(Data shown Opens)

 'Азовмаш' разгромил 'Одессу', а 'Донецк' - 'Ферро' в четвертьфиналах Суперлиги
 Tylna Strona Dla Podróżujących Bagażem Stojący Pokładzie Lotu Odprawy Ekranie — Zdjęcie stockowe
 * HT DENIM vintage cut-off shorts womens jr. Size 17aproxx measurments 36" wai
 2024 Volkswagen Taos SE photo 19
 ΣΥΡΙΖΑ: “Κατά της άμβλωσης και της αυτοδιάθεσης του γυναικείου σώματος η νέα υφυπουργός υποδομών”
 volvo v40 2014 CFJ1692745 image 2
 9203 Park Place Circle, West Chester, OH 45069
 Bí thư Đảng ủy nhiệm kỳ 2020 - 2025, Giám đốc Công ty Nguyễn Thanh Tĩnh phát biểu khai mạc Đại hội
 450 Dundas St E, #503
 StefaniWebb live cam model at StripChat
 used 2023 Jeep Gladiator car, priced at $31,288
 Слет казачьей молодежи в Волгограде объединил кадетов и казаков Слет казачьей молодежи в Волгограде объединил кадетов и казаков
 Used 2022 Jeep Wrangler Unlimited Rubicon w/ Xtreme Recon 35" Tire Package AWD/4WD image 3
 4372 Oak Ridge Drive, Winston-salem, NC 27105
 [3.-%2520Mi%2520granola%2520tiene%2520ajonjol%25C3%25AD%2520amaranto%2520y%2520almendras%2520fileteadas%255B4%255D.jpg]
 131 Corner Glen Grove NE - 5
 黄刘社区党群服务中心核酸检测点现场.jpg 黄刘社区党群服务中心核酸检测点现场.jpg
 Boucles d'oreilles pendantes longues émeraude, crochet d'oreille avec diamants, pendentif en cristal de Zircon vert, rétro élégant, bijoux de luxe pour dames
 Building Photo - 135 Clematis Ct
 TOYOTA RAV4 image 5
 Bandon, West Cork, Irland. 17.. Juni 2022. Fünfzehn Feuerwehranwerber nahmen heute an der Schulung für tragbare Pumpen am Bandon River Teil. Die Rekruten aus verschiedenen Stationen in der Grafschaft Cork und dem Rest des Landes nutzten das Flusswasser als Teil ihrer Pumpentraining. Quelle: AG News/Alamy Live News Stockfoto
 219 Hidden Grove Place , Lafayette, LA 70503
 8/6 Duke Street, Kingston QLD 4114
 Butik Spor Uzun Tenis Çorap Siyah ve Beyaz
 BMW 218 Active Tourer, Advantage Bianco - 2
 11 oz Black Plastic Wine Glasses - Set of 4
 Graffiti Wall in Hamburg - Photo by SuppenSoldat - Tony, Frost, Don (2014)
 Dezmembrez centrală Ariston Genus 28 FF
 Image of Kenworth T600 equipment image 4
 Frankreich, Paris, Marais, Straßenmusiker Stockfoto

(Data shown Closes)

Directions for this task. Copy all the lines from the data above that hold the word "Place".

Exercise output.
 9203 Park Place Circle, West Chester, OH 45069
 219 Hidden Grove Place , Lafayette, LA 70503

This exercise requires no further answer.